◆ YOUR ASSIGNMENT ◆
What you print should match the entries exactly, only without the pictures.

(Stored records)
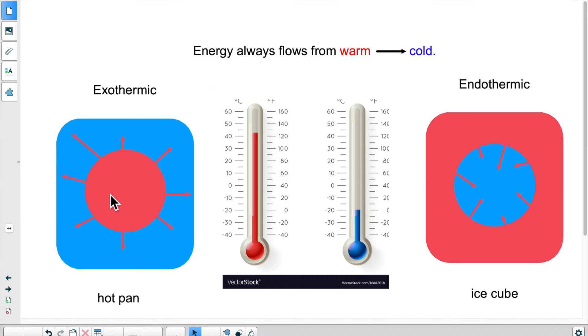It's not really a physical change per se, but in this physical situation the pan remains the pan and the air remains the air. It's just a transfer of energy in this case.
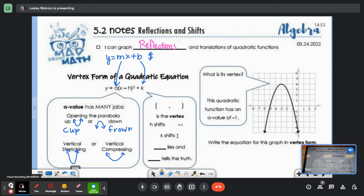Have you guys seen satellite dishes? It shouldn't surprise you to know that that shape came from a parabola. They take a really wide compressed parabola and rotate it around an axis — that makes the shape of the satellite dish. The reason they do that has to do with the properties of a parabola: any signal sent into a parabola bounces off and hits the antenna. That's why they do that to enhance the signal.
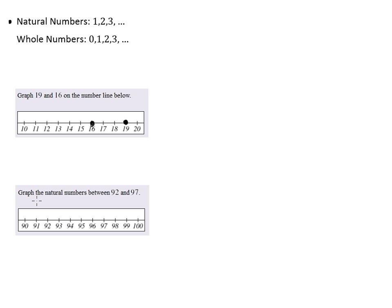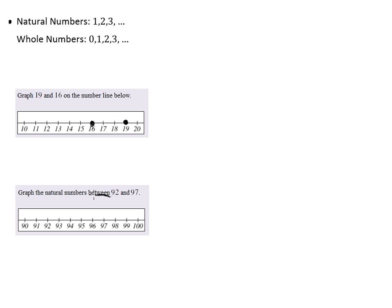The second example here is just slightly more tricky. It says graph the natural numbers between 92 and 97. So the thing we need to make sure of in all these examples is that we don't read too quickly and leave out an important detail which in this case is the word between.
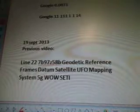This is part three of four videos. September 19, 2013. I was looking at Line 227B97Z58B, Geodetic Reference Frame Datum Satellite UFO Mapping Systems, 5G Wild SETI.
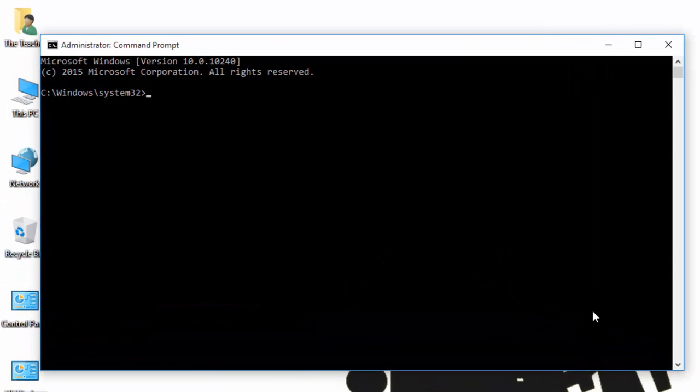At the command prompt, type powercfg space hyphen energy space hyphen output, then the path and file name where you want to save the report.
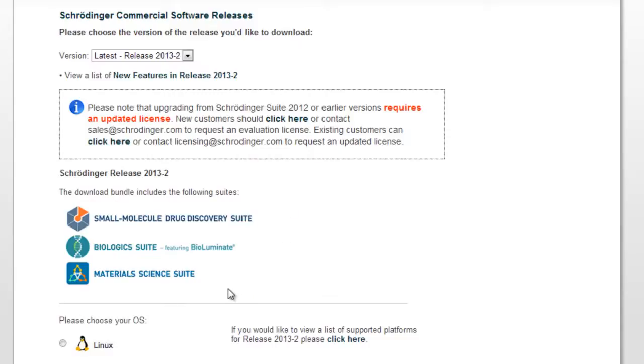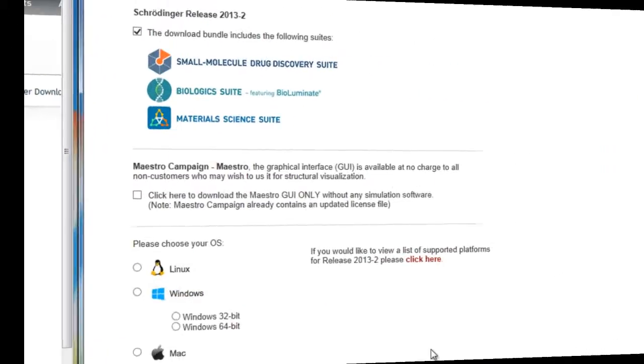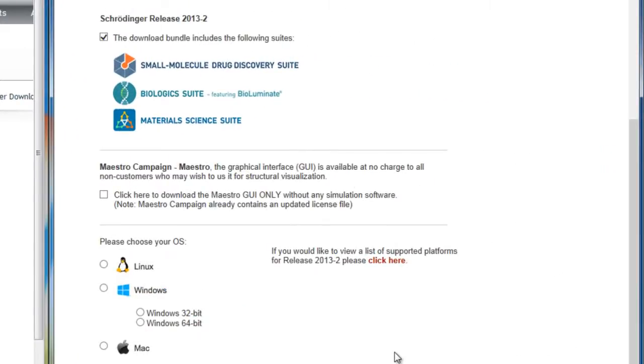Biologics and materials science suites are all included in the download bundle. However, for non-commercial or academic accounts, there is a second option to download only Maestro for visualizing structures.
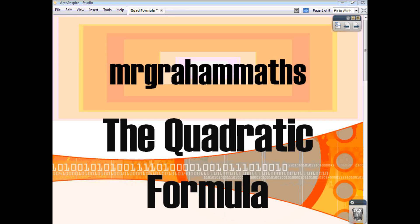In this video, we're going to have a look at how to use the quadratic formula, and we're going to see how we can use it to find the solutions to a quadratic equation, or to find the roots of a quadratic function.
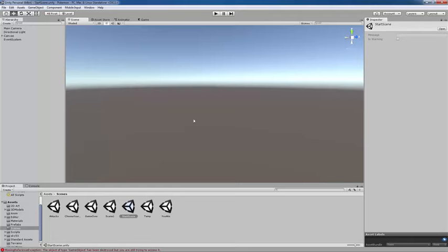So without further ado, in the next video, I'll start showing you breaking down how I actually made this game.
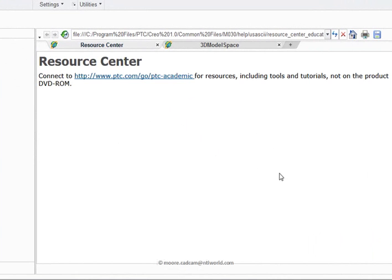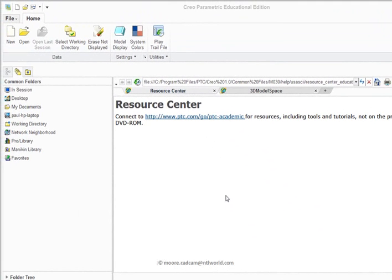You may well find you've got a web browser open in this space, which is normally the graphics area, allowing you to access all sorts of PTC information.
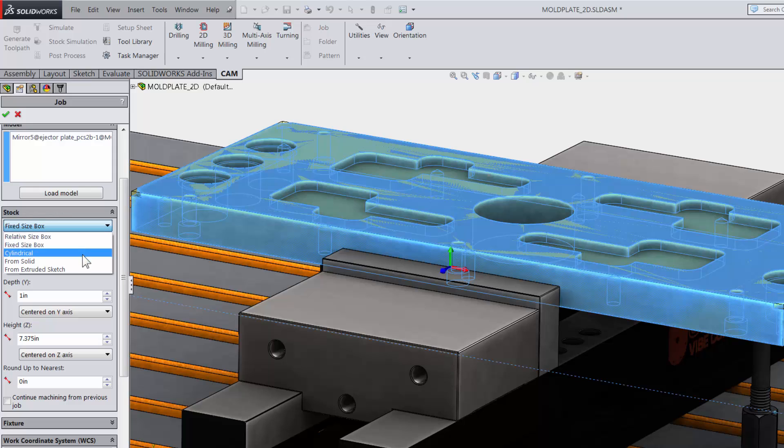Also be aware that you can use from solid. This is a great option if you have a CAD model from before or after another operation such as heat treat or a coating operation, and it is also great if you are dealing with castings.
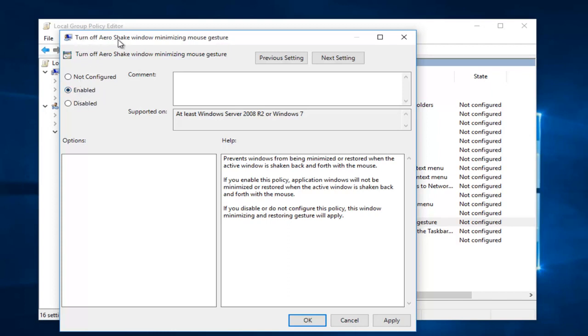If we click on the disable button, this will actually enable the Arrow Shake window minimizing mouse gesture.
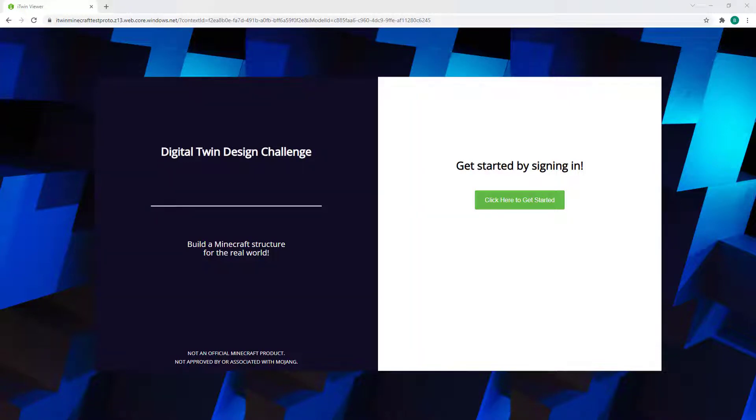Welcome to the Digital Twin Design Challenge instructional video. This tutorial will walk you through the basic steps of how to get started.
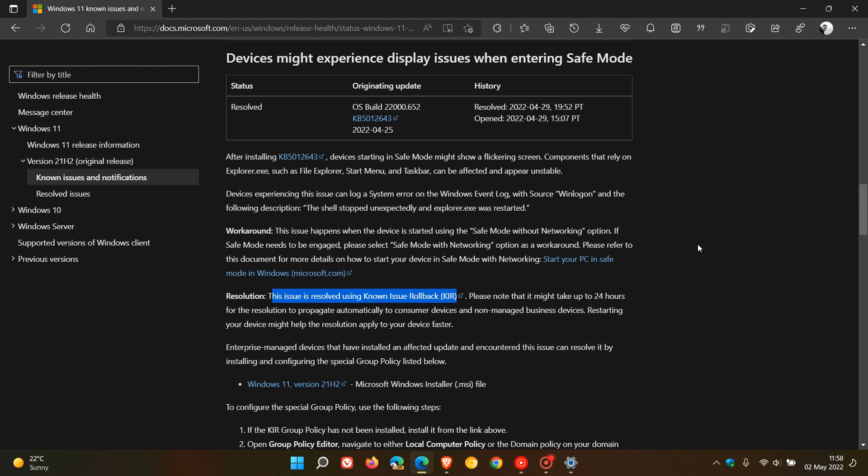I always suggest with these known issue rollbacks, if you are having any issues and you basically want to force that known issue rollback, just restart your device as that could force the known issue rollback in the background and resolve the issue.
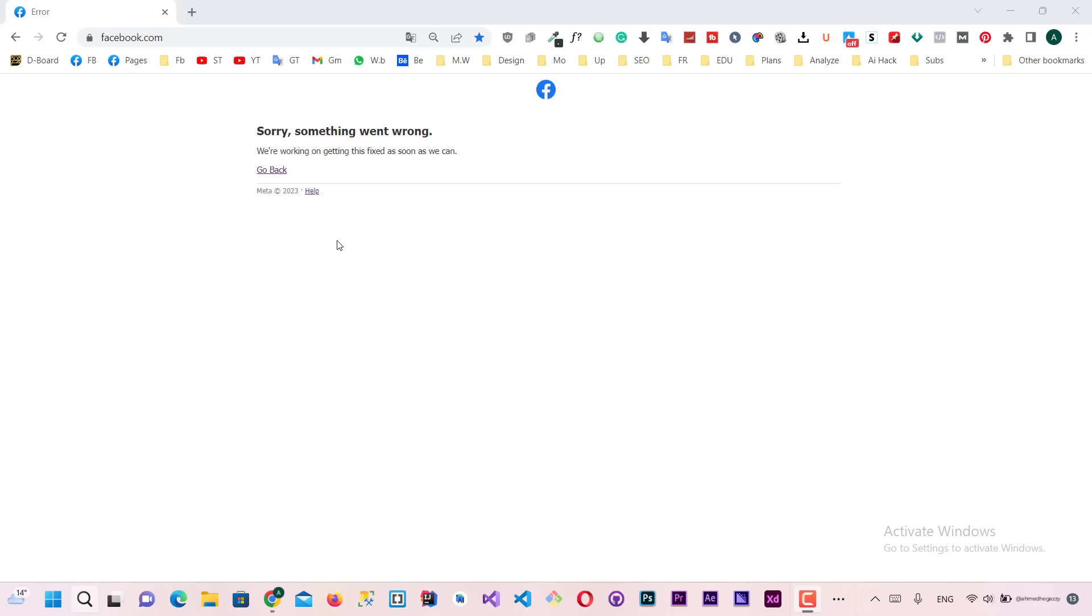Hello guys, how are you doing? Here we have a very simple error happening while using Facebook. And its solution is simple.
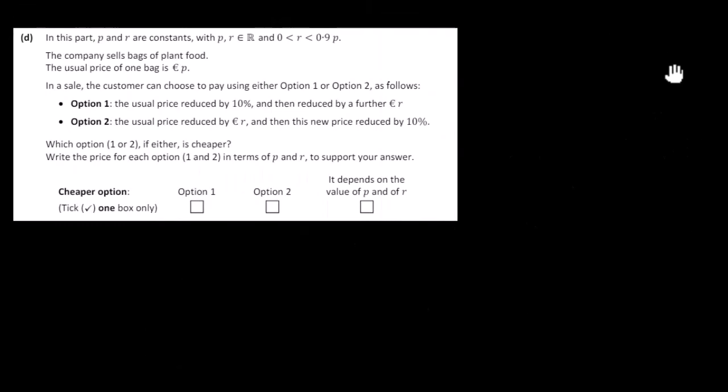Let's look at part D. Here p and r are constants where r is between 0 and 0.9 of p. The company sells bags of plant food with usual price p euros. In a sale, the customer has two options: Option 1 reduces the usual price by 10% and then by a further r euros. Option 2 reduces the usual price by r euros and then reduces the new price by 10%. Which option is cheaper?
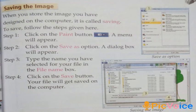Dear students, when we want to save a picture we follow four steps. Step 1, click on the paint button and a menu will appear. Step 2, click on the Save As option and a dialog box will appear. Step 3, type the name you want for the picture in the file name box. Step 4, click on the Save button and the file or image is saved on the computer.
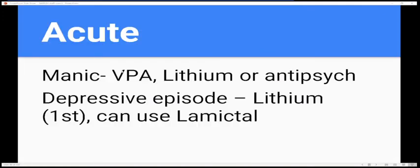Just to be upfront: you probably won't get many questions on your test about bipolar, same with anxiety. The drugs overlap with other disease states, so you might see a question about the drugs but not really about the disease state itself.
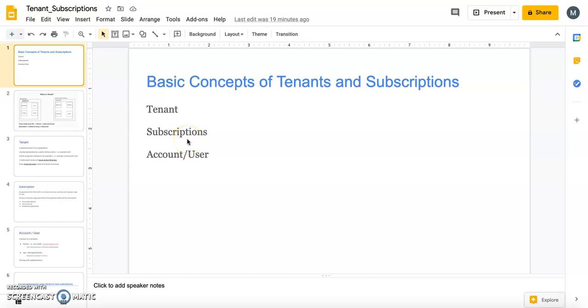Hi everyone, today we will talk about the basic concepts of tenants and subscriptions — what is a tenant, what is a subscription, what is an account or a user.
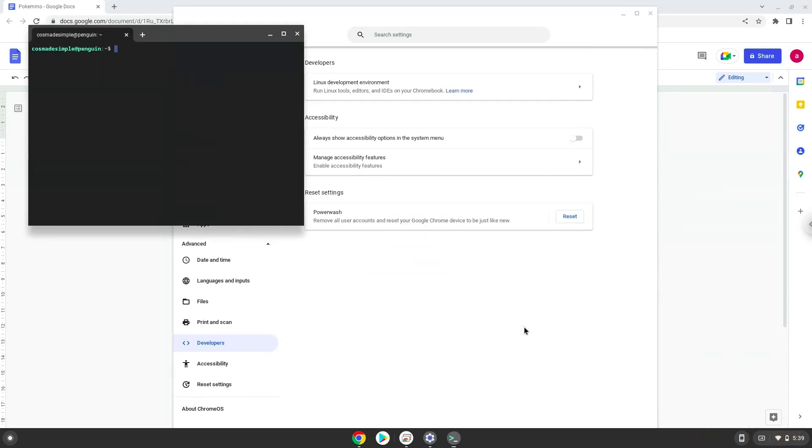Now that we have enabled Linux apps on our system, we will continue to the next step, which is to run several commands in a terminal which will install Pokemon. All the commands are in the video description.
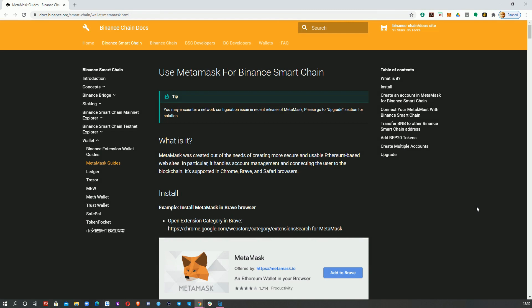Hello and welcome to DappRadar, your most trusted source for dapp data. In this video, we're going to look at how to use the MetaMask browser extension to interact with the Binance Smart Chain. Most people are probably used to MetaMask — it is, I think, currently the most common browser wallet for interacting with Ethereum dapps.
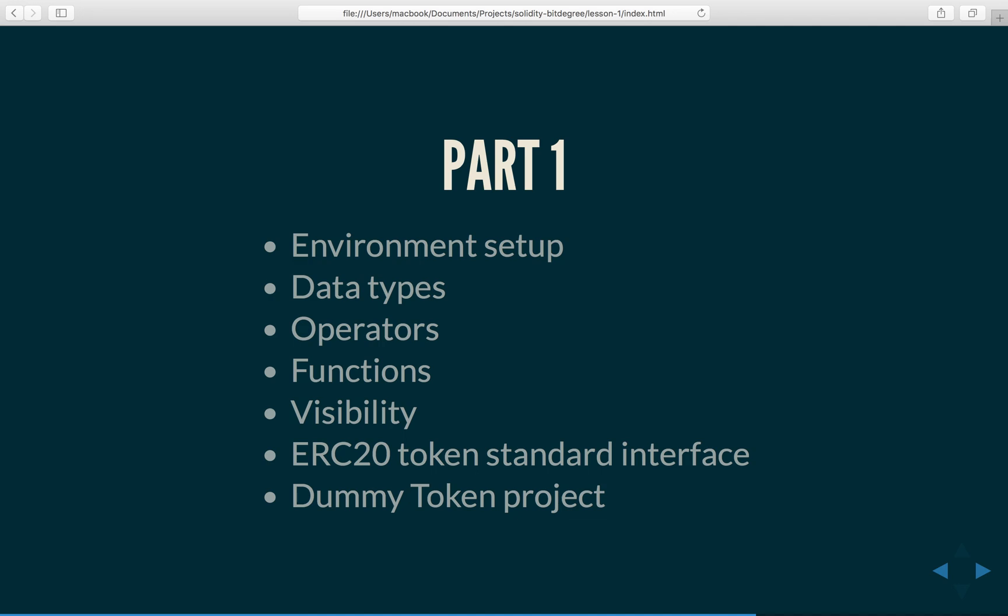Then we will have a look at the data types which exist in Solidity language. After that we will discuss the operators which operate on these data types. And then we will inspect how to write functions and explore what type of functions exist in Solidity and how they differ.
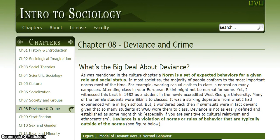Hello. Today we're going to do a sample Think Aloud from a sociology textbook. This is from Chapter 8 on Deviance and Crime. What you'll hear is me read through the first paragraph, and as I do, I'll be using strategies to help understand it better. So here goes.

◆ YOUR SOLUTION ◆
It's not really a physical change per se, but in this physical situation the pan remains the pan and the air remains the air. It's just a transfer of energy in this case.
Have you guys seen satellite dishes? It shouldn't surprise you to know that that shape came from a parabola. They take a really wide compressed parabola and rotate it around an axis — that makes the shape of the satellite dish. The reason they do that has to do with the properties of a parabola: any signal sent into a parabola bounces off and hits the antenna. That's why they do that to enhance the signal.
The second example here is just slightly more tricky. It says graph the natural numbers between 92 and 97. So the thing we need to make sure of in all these examples is that we don't read too quickly and leave out an important detail which in this case is the word between.
This is part three of four videos. September 19, 2013. I was looking at Line 227B97Z58B, Geodetic Reference Frame Datum Satellite UFO Mapping Systems, 5G Wild SETI.
At the command prompt, type powercfg space hyphen energy space hyphen output, then the path and file name where you want to save the report.
Biologics and materials science suites are all included in the download bundle. However, for non-commercial or academic accounts, there is a second option to download only Maestro for visualizing structures.
In this video, we're going to have a look at how to use the quadratic formula, and we're going to see how we can use it to find the solutions to a quadratic equation, or to find the roots of a quadratic function.
So without further ado, in the next video, I'll start showing you breaking down how I actually made this game.
You may well find you've got a web browser open in this space, which is normally the graphics area, allowing you to access all sorts of PTC information.
Also be aware that you can use from solid. This is a great option if you have a CAD model from before or after another operation such as heat treat or a coating operation, and it is also great if you are dealing with castings.
If we click on the disable button, this will actually enable the Arrow Shake window minimizing mouse gesture.
Welcome to the Digital Twin Design Challenge instructional video. This tutorial will walk you through the basic steps of how to get started.
I always suggest with these known issue rollbacks, if you are having any issues and you basically want to force that known issue rollback, just restart your device as that could force the known issue rollback in the background and resolve the issue.
Hello guys, how are you doing? Here we have a very simple error happening while using Facebook. And its solution is simple.
Let's look at part D. Here p and r are constants where r is between 0 and 0.9 of p. The company sells bags of plant food with usual price p euros. In a sale, the customer has two options: Option 1 reduces the usual price by 10% and then by a further r euros. Option 2 reduces the usual price by r euros and then reduces the new price by 10%. Which option is cheaper?
Dear students, when we want to save a picture we follow four steps. Step 1, click on the paint button and a menu will appear. Step 2, click on the Save As option and a dialog box will appear. Step 3, type the name you want for the picture in the file name box. Step 4, click on the Save button and the file or image is saved on the computer.
Just to be upfront: you probably won't get many questions on your test about bipolar, same with anxiety. The drugs overlap with other disease states, so you might see a question about the drugs but not really about the disease state itself.
Hi everyone, today we will talk about the basic concepts of tenants and subscriptions — what is a tenant, what is a subscription, what is an account or a user.
Now that we have enabled Linux apps on our system, we will continue to the next step, which is to run several commands in a terminal which will install Pokemon. All the commands are in the video description.
Hello and welcome to DappRadar, your most trusted source for dapp data. In this video, we're going to look at how to use the MetaMask browser extension to interact with the Binance Smart Chain. Most people are probably used to MetaMask — it is, I think, currently the most common browser wallet for interacting with Ethereum dapps.
Then we will have a look at the data types which exist in Solidity language. After that we will discuss the operators which operate on these data types. And then we will inspect how to write functions and explore what type of functions exist in Solidity and how they differ.
Hello. Today we're going to do a sample Think Aloud from a sociology textbook. This is from Chapter 8 on Deviance and Crime. What you'll hear is me read through the first paragraph, and as I do, I'll be using strategies to help understand it better. So here goes.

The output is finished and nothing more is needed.